The portable homes look like shipping containers and are a tight 26sq m unit.
They have a lounge, kitchen facilities and bedroom with ensuite bathroom.
The charity says they are a cost-effective alternative for poor and homeless people who cannot afford to buy or rent privately.
Andy Redfearn, YMCA director of development, said the charity had held talks about bringing a scheme to Kingston – with the former Ministry site in Tolworth mooted as a potential site.
Mr Redfearn said: “We are having discussions with Kingston Council about how we can deliver a scheme in the borough.
“Officers are very keen to develop affordable housing and obviously Y:Cube does that.”
Tesco withdrew an application for a supermarket, hotel and 269 flats on the site next to the A3 earlier this month – the third time since 2002 it had scrapped plans following opposition from councillors and the public.
The supermarket giant has now ditched its supermarket plans altogether, and promised to create a residential-led development that would make a “major contribution to Kingston’s housing needs”.
Mr Redfearn said: “We have had conversations along with other housing providers to present some proposals to Tesco.
“We were asked for creative ideas to bring the site back into use, and one of our suggestions was the Y:Cube.
“No formal discussion has been had with Tesco.

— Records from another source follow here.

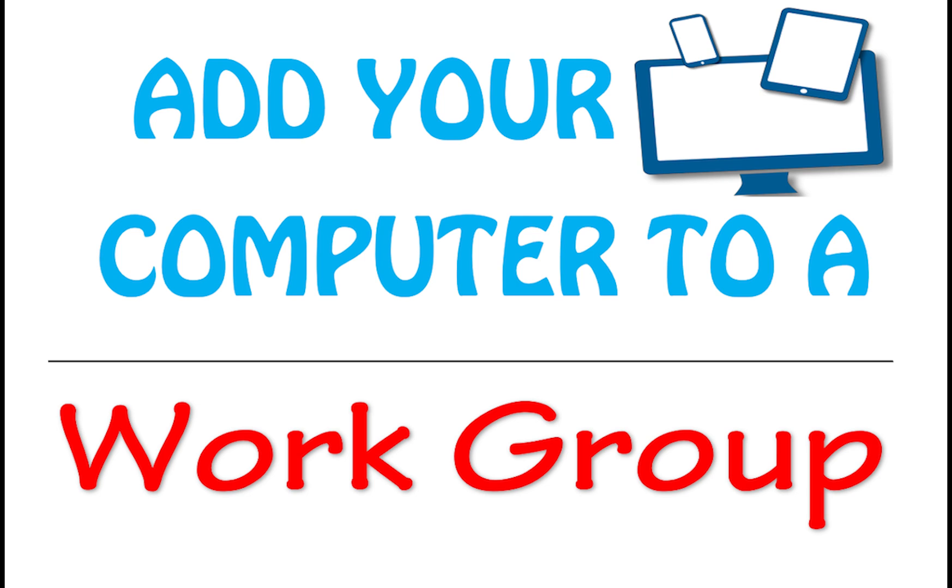Welcome to this channel and let's learn something together. In this tutorial we learn how to add a computer to a workgroup. Login to the computer as an administrator.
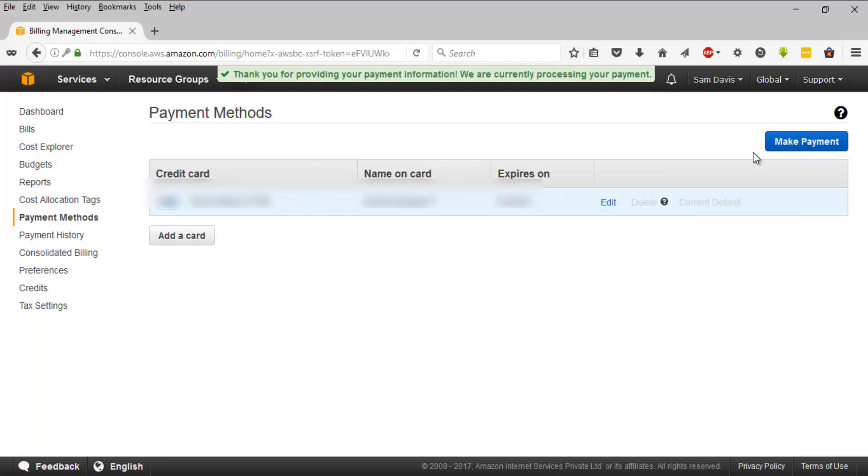That will take you to the verification page of your bank. It might ask for CVV, your 3D secure pin, or even for OTP as per your authorization setup done by the bank.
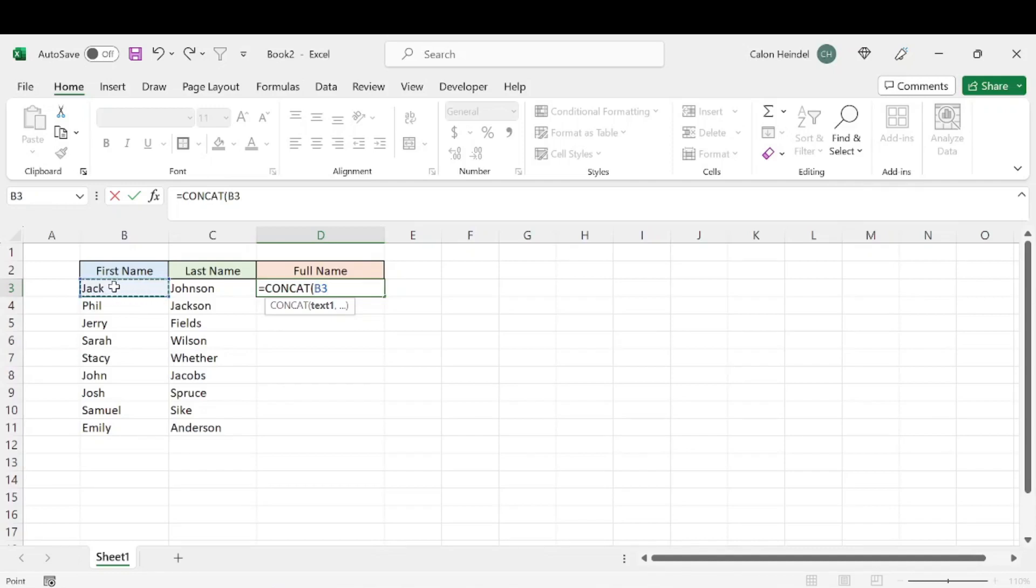Then we want to hit comma. And then we're going to want to add a space. So what we can do is quote, space, quote. And that will display a space for our end result.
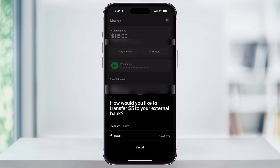You'll then be given two different transfer options: Standard, which is free but takes a few days, or Instant, which deposits the money right away for a small fee. In this example, it's just a 25-cent fee to instantly transfer. Go ahead and choose the one that works best for you. If you haven't linked a bank account yet, you'll be asked to do that now. Or if you have more than one account connected, you'll also be prompted to pick which one you want to send the money to.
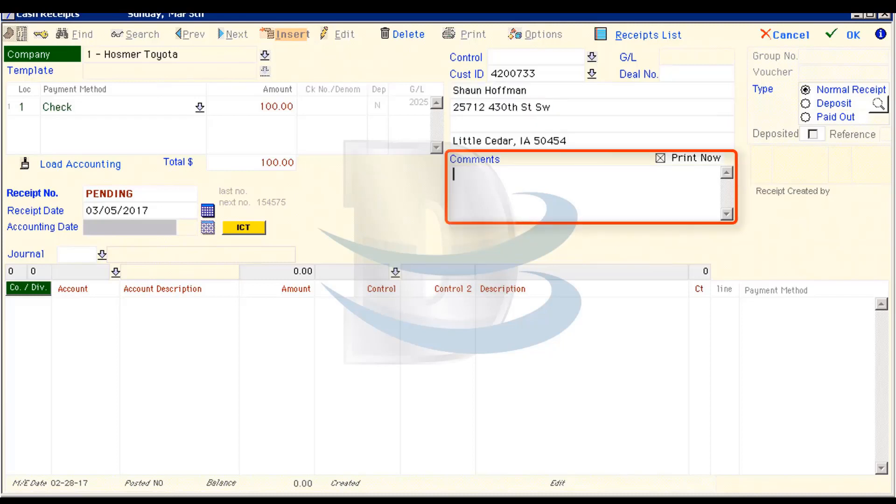This is a multi-line field for adding any information you want to add to the cash receipt. Please note that this information will print on the receipt and the customer will be able to see it. For this receipt, let's write Paid with check number 5432.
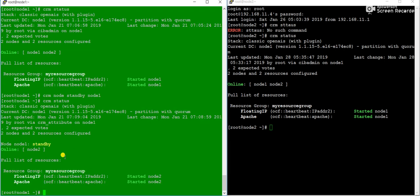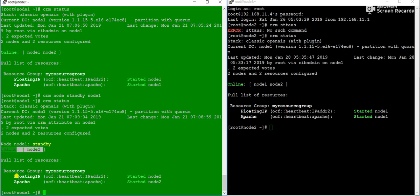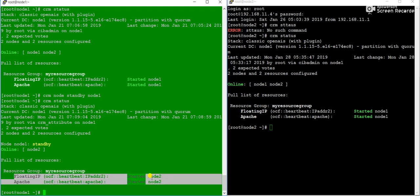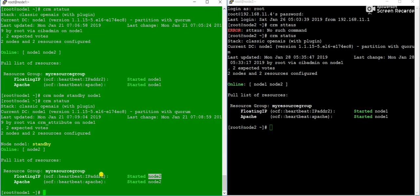Running 'crm status' — you can see node1 is in standby, node2 is online, and both services have started on node2. There are no request timeouts, no downtime. The Apache web server is still reachable. Users will not face any type of downtime or difficulties accessing the web page. Now I'll bring node1 from standby back to online.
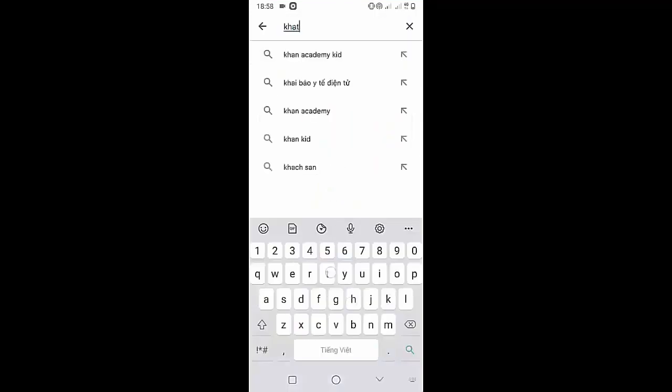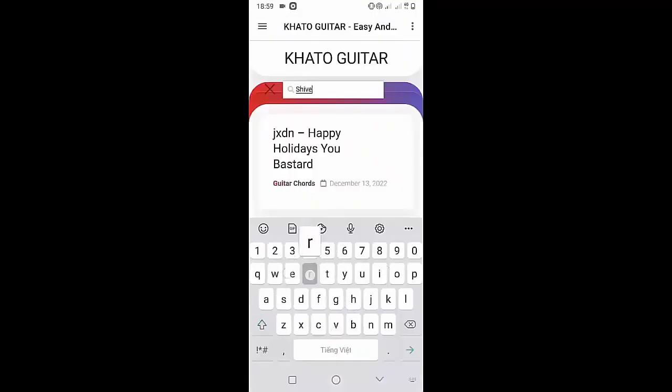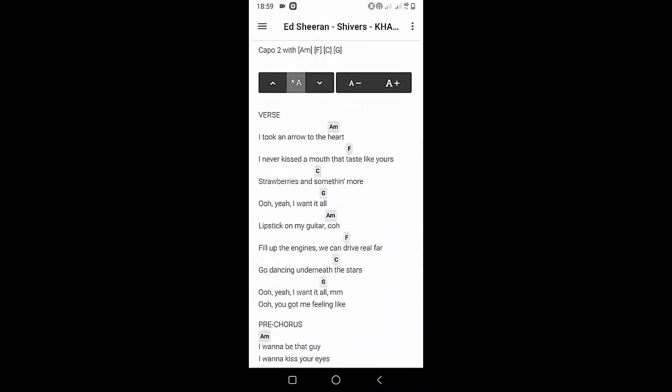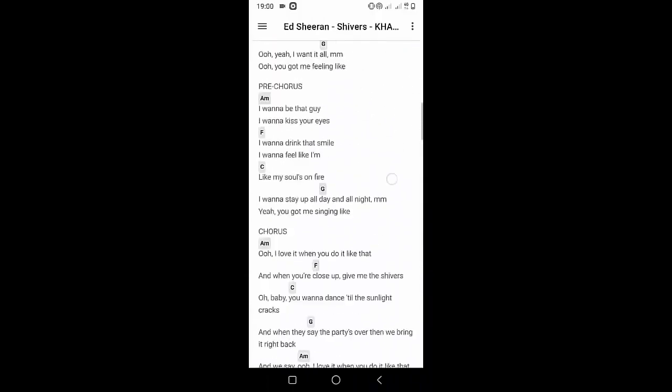Welcome to Kada Guitar channel. Before going to the song tutorial, download the Kada Guitar chord lookup software on the Google Play Store for easy tracking. Now it's time for the video tutorial.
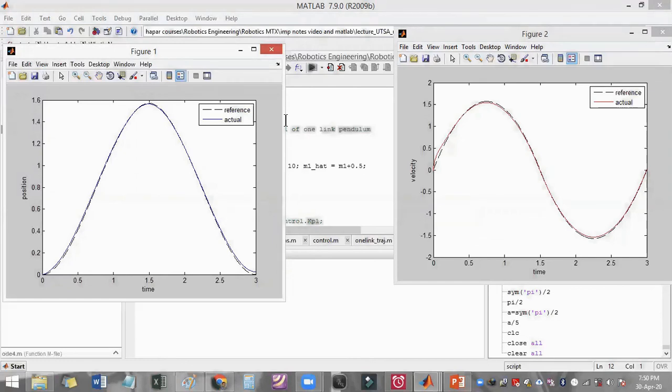In this way, trajectory following control helps us to make the manipulator follow a prescribed trajectory. I hope you can now solve this assignment and easily control your manipulator. Thank you.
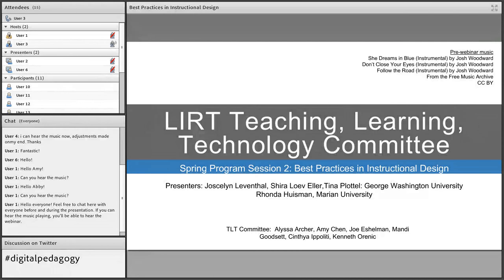Hey, good morning, everyone. My name is Ken Orenick, and I'm one of the committee members of the Library Instruction Roundtable Teaching, Learning, and Technology Committee. I'd like to thank you all for joining us today.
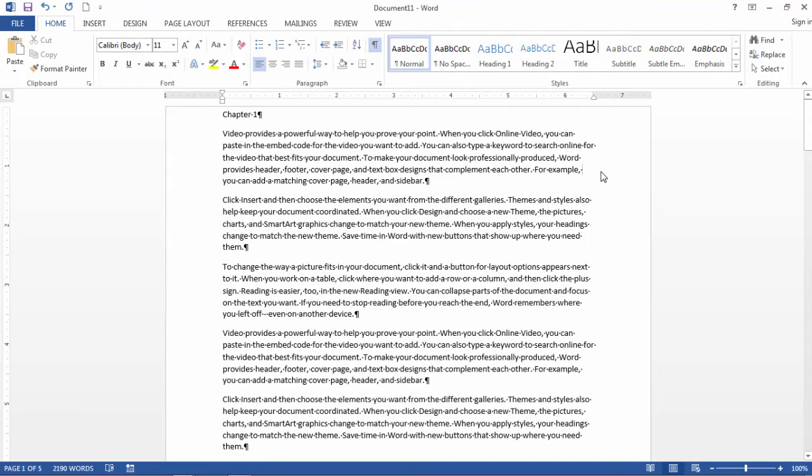Okay, so that's it. That's how you clear the formats in Microsoft Word. Thanks for watching.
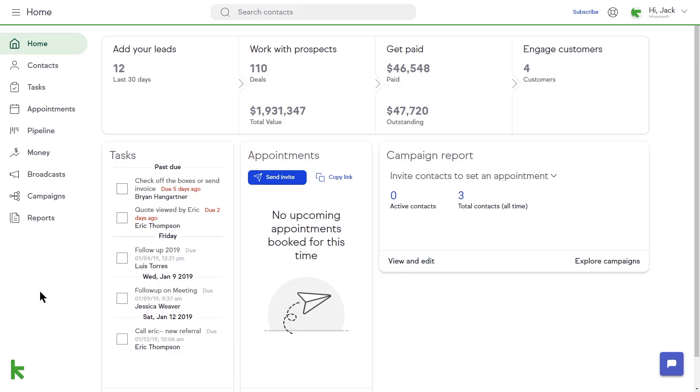This is Jack. Know what's going on with your emails using campaign reporting. Having visibility into the success of your campaign is made easy with the campaign reporting function.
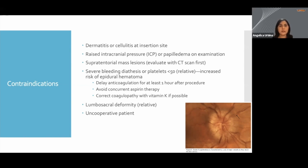And definitely not into the spinal region. Other common contraindications are having an uncooperative patient and someone with a high bleeding risk. In these cases, if you had someone with thrombocytopenia or on anticoagulation therapy, you would definitely want to get a hematologist involved to make some of those calls.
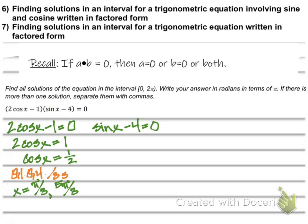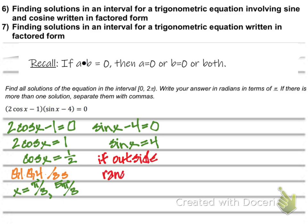Now going to sine x minus 4 equals 0 — that means sine x equals 4. What's the range of sine? Think about our curve when we look at the graph. The lowest value is negative 1 and the highest is positive 1. So 4 is outside the range of sine, which means we just ignore it — it's never going to happen. So our answer is pi over 3 and 5 pi over 3.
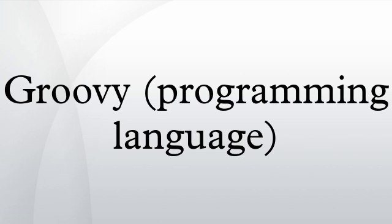Interview with Guillaume Laforge and Graeme Rocher about Groovy and Grails from SpringOne New Orleans 2009, and GPARS, The Groovy Concurrency Library.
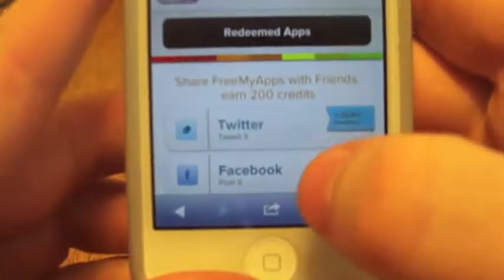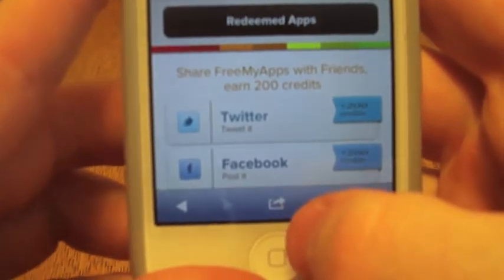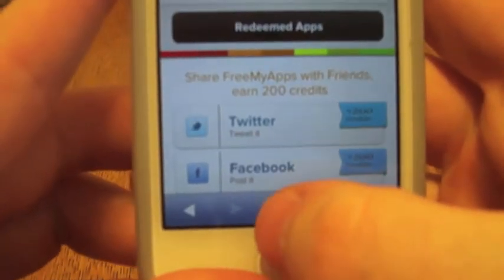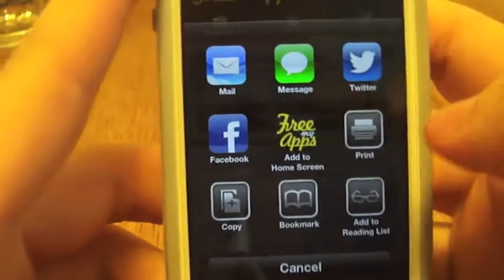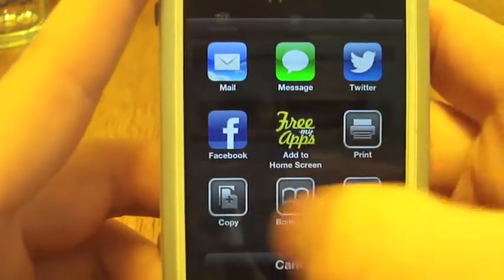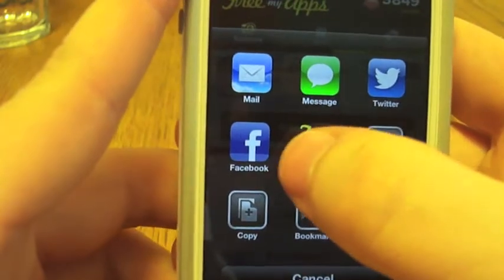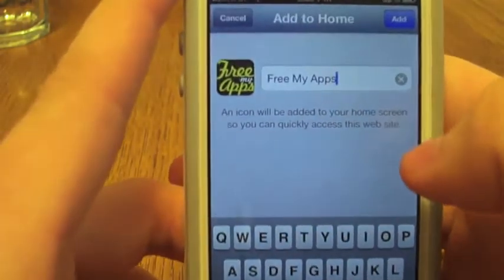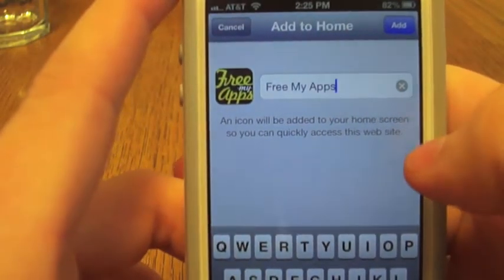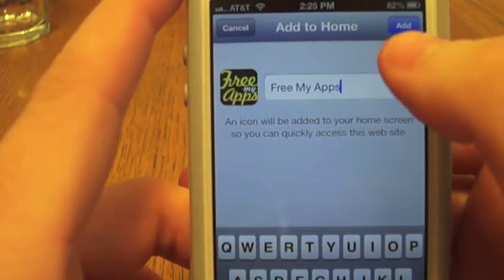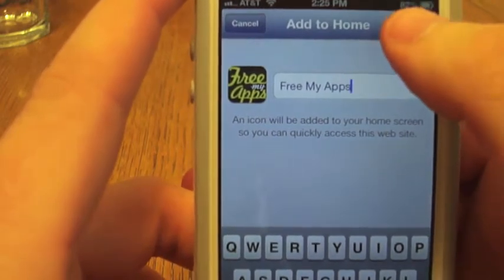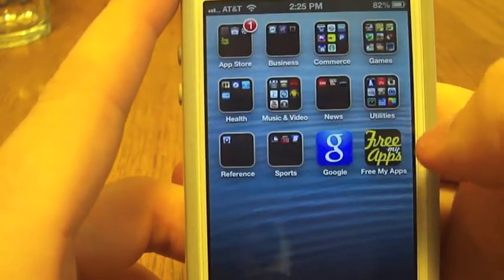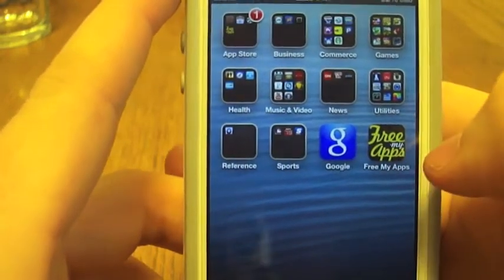At the bottom of your screen there's going to be a little square with an arrow coming out of it. Click that and you've got all these options — how about "Add to Home Screen"? You're going to pull it up, name it whatever you want — how about "Free My Apps"? Hit Add and it's going to take you straight to your home screen.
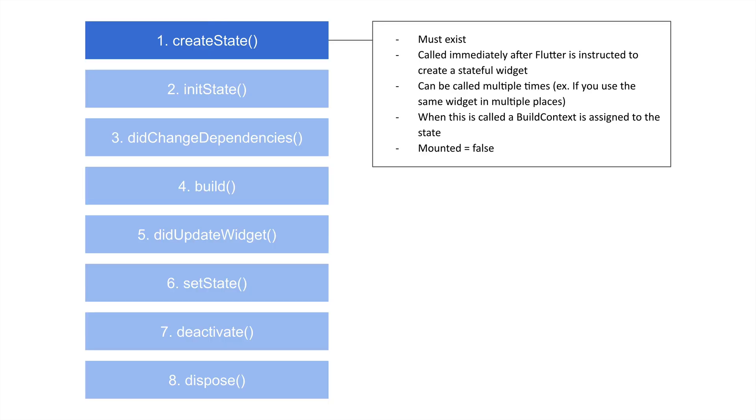So what happens when we create a new stateful widget? Well, the first thing that happens is that createState is called, and this has to exist. You'll see later, this is a method that we override inside of the actual stateful widget. And this is called immediately after Flutter is told, hey, here's a new stateful widget. You have to build this.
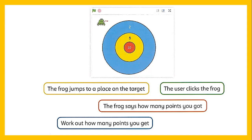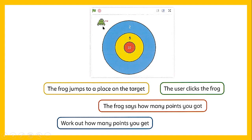You have to think about what action should come first. When you decide to make a program, when the user clicks on the frog, the frog will jump to a place on the target. Then the frog says how many points you got. If the frog jumps on the blue circle, you get 2 points. If the frog jumps on the yellow circle, you get 5 points. If the frog jumps on the red circle, you get 10 points.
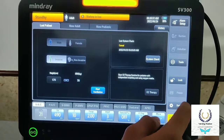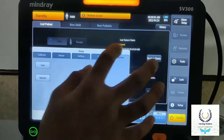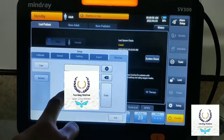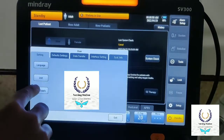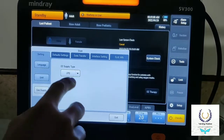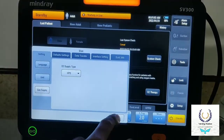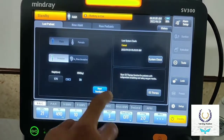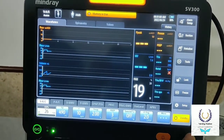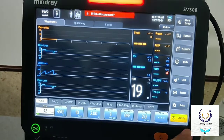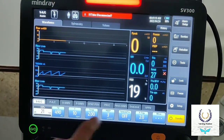Go to Setup, Maintain, User, put the password, then Gas Supply — select HPO — done. Then start ventilation. Now you can see we can manually adjust the FiO2 here, which was not available in LPO mode.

It was before we knew about Tesco pulling its supermarket application.”
Tesco has promised to consult on future plans later this year, and Mr Redfearn said the YMCA was “keen to be part of the discussions”.
The Y:Cube has been designed by architects Rogers Stirk Harbour and Partners, and will be offered to single people who are former YMCA residents or on the waiting list for a council home.
Each timber-made unit is constructed off-site, and can be stacked side by side or on top of each other – meaning whole developments could potentially be taken apart and relocated if needed.
At an estimated £45,000 a unit, the Y:Cube costs almost half the price of other housing developments, and each unit will be let at 65 per cent the normal market rent.
The prototype outside Wimbledon YMCA will be open to the public on Thursday, April 3, from 10am to 2pm.